Steak__n_Shake_exterior_shot.png Steak ‘n Shake

Steak ‘n Shake offers franchise partner deal

Brand works to pare company-owned units with $10,000 training-fee offer

Steak ‘n Shake Inc., which has been moving toward becoming a more franchised model, is launching a training program offer for prospective restaurant franchise partners.

The 621-unit Indianapolis, Ind.-based brand is offering potential franchise partners who pay $10,000 and commit to a six-month training program the opportunity to own what is now a company-operated Steak ‘n Shake unit.

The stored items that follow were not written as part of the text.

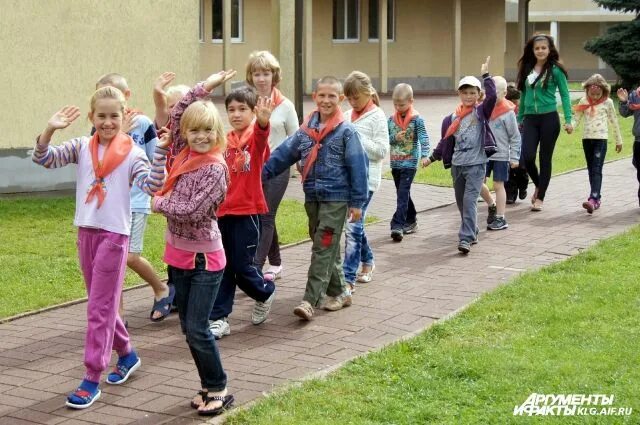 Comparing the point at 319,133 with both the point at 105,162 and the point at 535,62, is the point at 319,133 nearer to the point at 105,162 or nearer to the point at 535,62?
the point at 105,162

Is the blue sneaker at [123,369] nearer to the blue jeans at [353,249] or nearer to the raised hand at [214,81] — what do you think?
the raised hand at [214,81]

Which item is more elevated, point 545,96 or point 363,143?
point 545,96

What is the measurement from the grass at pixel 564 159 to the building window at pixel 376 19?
16125 mm

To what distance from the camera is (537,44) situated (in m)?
13.2

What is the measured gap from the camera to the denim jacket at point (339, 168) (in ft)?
27.2

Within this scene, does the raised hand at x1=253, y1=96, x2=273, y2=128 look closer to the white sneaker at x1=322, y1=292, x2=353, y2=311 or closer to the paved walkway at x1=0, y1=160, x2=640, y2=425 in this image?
the paved walkway at x1=0, y1=160, x2=640, y2=425

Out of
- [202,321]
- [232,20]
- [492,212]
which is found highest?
[232,20]

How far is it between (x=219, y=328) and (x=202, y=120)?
2.01 meters

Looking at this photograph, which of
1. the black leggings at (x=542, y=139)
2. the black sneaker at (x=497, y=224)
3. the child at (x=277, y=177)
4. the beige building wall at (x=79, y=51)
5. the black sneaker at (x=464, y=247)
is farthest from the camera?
the beige building wall at (x=79, y=51)

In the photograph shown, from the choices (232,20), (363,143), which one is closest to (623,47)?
(232,20)

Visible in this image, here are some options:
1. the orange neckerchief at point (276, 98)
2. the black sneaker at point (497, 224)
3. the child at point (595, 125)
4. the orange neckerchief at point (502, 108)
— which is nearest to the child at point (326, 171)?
the orange neckerchief at point (276, 98)

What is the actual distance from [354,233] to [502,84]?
168 inches

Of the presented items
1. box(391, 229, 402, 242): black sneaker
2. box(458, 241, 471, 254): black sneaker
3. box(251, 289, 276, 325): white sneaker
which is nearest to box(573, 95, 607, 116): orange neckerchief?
box(391, 229, 402, 242): black sneaker

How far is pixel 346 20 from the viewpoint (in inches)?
1539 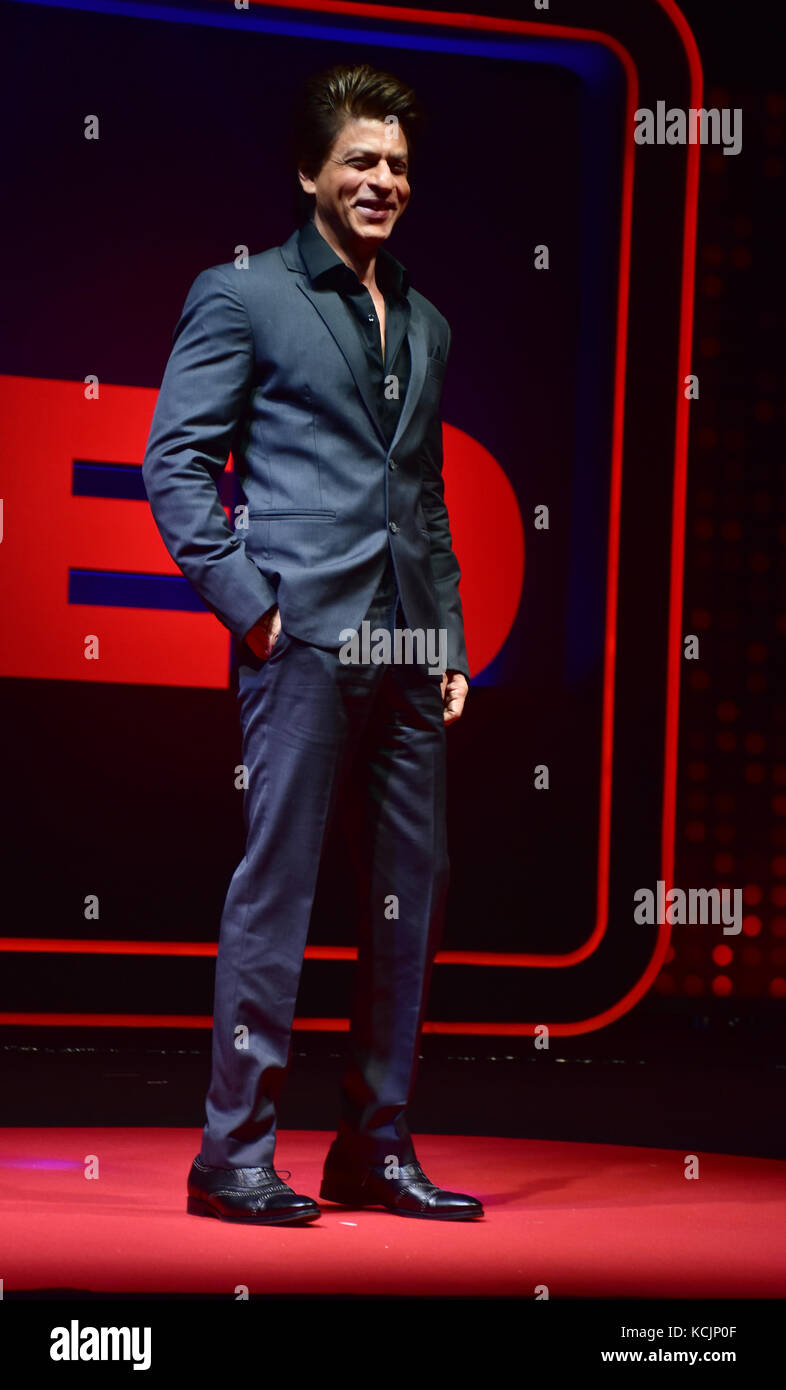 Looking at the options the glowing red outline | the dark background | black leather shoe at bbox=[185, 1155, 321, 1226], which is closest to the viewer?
black leather shoe at bbox=[185, 1155, 321, 1226]

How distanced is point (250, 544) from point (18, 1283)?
1.10 metres

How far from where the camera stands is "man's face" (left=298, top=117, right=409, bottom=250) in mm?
2607

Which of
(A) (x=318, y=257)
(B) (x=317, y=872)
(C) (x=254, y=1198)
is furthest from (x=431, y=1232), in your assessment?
(A) (x=318, y=257)

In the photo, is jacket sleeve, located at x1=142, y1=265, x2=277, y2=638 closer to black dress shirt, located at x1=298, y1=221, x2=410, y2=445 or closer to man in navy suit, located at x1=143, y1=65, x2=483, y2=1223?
man in navy suit, located at x1=143, y1=65, x2=483, y2=1223

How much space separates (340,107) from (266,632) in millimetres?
814

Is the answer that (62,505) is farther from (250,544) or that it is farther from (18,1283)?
(18,1283)

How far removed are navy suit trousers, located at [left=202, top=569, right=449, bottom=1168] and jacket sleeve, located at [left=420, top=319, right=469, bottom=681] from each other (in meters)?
0.12

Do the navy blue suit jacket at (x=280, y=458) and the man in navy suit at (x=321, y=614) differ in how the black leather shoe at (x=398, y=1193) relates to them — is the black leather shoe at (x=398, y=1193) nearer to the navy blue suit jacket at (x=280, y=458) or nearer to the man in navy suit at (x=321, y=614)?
the man in navy suit at (x=321, y=614)

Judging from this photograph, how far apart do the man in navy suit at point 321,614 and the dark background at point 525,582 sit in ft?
6.20

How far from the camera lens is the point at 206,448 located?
8.45 ft

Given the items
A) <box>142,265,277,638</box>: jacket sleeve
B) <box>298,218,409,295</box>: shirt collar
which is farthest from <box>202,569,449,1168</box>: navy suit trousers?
<box>298,218,409,295</box>: shirt collar

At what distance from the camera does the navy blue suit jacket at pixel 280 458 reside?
8.32 feet

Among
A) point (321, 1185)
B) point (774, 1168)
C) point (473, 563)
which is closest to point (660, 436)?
point (473, 563)

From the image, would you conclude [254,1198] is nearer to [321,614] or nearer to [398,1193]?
[398,1193] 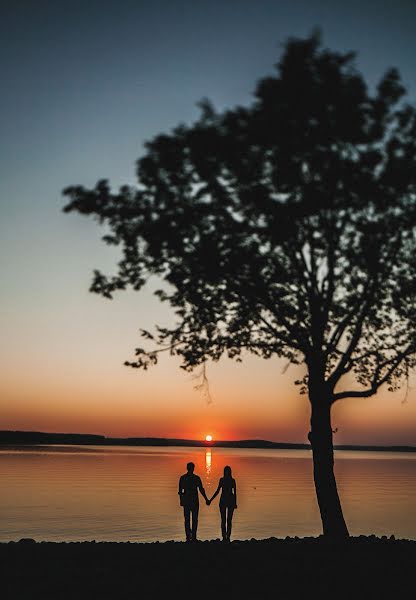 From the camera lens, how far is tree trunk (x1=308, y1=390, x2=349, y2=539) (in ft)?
64.6

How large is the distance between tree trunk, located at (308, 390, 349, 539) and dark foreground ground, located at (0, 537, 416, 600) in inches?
73.2

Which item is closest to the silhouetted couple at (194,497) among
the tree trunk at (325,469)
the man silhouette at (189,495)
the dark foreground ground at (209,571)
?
the man silhouette at (189,495)

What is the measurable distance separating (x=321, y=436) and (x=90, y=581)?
1004 cm

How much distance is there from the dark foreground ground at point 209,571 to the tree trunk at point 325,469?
186cm

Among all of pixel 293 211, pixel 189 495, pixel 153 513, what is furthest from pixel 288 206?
pixel 153 513

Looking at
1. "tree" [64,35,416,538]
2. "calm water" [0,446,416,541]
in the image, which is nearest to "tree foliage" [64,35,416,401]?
"tree" [64,35,416,538]

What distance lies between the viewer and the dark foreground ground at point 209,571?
12.0m

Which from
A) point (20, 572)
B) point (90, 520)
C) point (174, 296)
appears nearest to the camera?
point (20, 572)

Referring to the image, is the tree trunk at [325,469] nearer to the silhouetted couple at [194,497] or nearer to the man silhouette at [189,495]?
the silhouetted couple at [194,497]

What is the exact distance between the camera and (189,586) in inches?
488

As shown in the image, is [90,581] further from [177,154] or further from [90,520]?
[90,520]

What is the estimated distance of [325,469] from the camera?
20094 mm

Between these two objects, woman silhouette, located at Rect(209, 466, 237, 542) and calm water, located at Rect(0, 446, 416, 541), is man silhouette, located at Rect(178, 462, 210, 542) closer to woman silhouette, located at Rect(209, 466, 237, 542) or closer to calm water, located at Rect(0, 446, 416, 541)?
woman silhouette, located at Rect(209, 466, 237, 542)

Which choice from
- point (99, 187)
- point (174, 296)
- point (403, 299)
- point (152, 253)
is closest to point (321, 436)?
point (403, 299) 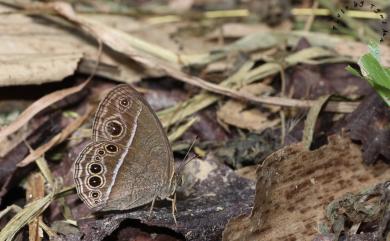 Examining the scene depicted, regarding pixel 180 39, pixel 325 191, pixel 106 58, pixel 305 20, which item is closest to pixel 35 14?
pixel 106 58

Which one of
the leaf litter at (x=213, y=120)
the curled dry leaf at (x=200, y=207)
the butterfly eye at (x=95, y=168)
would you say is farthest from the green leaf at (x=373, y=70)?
the butterfly eye at (x=95, y=168)

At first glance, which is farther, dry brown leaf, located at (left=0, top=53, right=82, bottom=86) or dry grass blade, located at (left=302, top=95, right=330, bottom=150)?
dry brown leaf, located at (left=0, top=53, right=82, bottom=86)

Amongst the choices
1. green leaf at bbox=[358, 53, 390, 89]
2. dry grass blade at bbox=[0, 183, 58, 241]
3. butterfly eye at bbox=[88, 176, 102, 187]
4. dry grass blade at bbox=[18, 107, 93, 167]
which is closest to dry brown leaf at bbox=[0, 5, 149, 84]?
dry grass blade at bbox=[18, 107, 93, 167]

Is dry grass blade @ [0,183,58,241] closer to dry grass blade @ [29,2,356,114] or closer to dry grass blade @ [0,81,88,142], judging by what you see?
dry grass blade @ [0,81,88,142]

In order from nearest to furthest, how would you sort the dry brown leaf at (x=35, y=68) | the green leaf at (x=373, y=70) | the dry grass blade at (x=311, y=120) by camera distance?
the green leaf at (x=373, y=70) → the dry grass blade at (x=311, y=120) → the dry brown leaf at (x=35, y=68)

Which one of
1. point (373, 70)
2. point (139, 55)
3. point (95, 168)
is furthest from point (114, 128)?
point (373, 70)

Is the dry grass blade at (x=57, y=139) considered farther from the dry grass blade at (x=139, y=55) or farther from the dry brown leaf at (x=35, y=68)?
the dry grass blade at (x=139, y=55)

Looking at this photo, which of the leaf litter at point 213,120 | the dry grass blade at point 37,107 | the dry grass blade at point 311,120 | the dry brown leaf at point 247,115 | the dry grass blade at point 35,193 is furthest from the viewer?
the dry brown leaf at point 247,115
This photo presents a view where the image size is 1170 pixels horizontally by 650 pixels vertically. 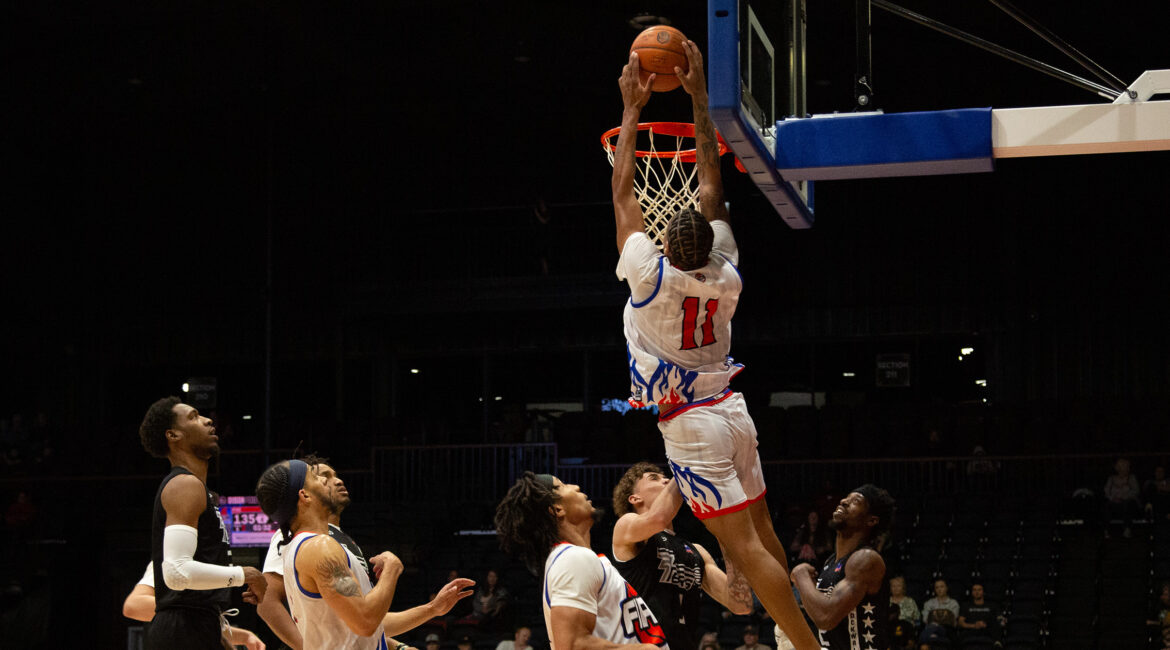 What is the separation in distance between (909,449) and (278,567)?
13225mm

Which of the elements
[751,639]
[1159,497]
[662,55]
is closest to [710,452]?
[662,55]

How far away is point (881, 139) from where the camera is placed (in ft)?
17.3

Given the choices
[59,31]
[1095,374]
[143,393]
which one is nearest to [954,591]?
[1095,374]

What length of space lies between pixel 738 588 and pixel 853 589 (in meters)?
0.64

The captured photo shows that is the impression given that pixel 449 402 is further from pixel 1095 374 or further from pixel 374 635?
pixel 374 635

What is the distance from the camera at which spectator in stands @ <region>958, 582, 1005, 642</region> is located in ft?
42.3

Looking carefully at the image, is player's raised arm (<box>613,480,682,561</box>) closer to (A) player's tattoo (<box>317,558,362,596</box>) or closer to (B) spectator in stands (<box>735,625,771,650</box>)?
(A) player's tattoo (<box>317,558,362,596</box>)

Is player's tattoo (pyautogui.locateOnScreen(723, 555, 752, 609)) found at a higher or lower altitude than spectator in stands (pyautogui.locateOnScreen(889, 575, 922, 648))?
higher

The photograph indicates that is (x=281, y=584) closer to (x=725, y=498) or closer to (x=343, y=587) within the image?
(x=343, y=587)

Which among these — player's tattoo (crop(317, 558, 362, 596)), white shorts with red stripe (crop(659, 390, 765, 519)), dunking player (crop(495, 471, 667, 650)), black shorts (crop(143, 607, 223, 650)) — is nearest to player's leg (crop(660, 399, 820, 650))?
white shorts with red stripe (crop(659, 390, 765, 519))

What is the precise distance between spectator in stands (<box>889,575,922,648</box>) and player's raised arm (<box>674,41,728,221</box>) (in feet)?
26.3

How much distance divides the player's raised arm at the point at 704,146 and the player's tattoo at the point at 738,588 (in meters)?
1.55

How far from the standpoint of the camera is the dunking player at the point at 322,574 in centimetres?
486

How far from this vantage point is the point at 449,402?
72.3ft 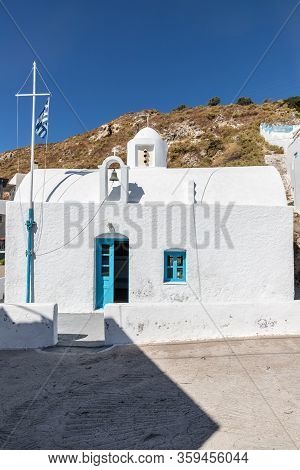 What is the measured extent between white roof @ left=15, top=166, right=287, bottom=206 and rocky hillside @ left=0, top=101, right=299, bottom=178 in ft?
81.0

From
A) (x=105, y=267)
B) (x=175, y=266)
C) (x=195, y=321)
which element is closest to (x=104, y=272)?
(x=105, y=267)

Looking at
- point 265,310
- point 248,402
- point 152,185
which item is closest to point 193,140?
point 152,185

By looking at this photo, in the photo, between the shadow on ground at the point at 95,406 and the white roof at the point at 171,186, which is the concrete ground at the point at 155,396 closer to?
the shadow on ground at the point at 95,406

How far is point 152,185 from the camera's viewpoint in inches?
500

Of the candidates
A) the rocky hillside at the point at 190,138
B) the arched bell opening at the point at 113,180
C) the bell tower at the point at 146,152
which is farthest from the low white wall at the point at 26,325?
the rocky hillside at the point at 190,138

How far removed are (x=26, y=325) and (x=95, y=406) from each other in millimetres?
3377

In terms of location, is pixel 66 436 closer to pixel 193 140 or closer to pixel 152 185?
pixel 152 185

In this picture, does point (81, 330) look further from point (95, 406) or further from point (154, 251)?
point (95, 406)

“We are seeking owners to operate restaurants,” said Judy Kadylak, Steak ‘n Shake’s vice president of marketing, in response to emailed questions. “A single-unit operator will be singularly focused on running his or her restaurant.”

Shake ‘n Shake, which is a subsidiary of San Antonio, Texas-based Biglari Holdings Inc., owns and operates 415 of its restaurants, with 412 of those in the U.S. and three abroad. The brand also franchises 175 U.S. units and 31 internationally. Biglari also owns the 66-unit Western Sizzlin brand, of which all but four are franchised.

“Our prospects in franchise operations — domestic and international — look bright,” said Sardar Biglari, CEO of Biglari Holdings, in his February 2018 annual letter to shareholders.

Of the new ownership-training program, Biglari added in a statement: “I want to provide an opportunity to other entrepreneurs who are highly motivated to excel but lack the financial means. What will be important to become a franchisee is not great capital but great ability. We are seeking to harness the power of entrepreneurs and to create a company of owners.”

Kadylak said the $10,000 would be paid by franchise partner applicants upfront and cover training costs.

“We are seeking only those who can achieve the gold standard in execution,” she said. “It takes ability not money to be granted a franchise.”

The program is similar to that of Atlanta-based Chick-fil-A Inc., which requires an initial fee of $10,000 to select franchisees. Chick-fil-A will pay for land, construction and equipment and then rent it to the franchisee for 15 percent of sales plus 50 percent of pre-tax profit.

Steak ‘n Shake’s program, Kadylak said, will have royalty rates assessed up to 15 percent as well.

“The new franchisees will have full ownership of their business, while earning 50 percent of the restaurant profits,” she said, “This opportunity requires that the individual be free of any other active business ventures and operate the restaurant on a full-time hands-on basis.”

Kadylak said current company-owned Steak ‘n Shake units are on both owned and leased property, and negotiated leases will be passed through to the franchisees.

She added that “no current franchisee has raised any issues or concerns.”

The franchise partner offer comes in the wake of a challenging 2017, when the full-service Steak ‘n Shake concept faced revenue and traffic hurdles.

In his 2017 year-end letter, Biglari said Steak ‘n Shake revenue fell to $792.8 million in 2017 from $804.4 million in the prior year, and earnings fell to $431,000 from $34.7 million in the prior year. Customer counts were down 1.8 percent.

Steak ‘n Shake first franchised in 1939, five years after the concept was founded, but only grew franchised units at about one a year until 2010.

“Over the last seven years we have added, net of closures, 129 franchised units, or an average of about 18 units per year,” Biglari said. “For the period 2011 through 2015, the franchising business operated at a loss, but intrinsic value advanced. In 2017, franchise operations generated a profit of $4 million, despite net unit growth falling short of our expectations.”

The company has seen franchised growth in non-traditional Steak ‘n Shake locations, such as universities, casinos, airports, sports arenas and gas stations, he said.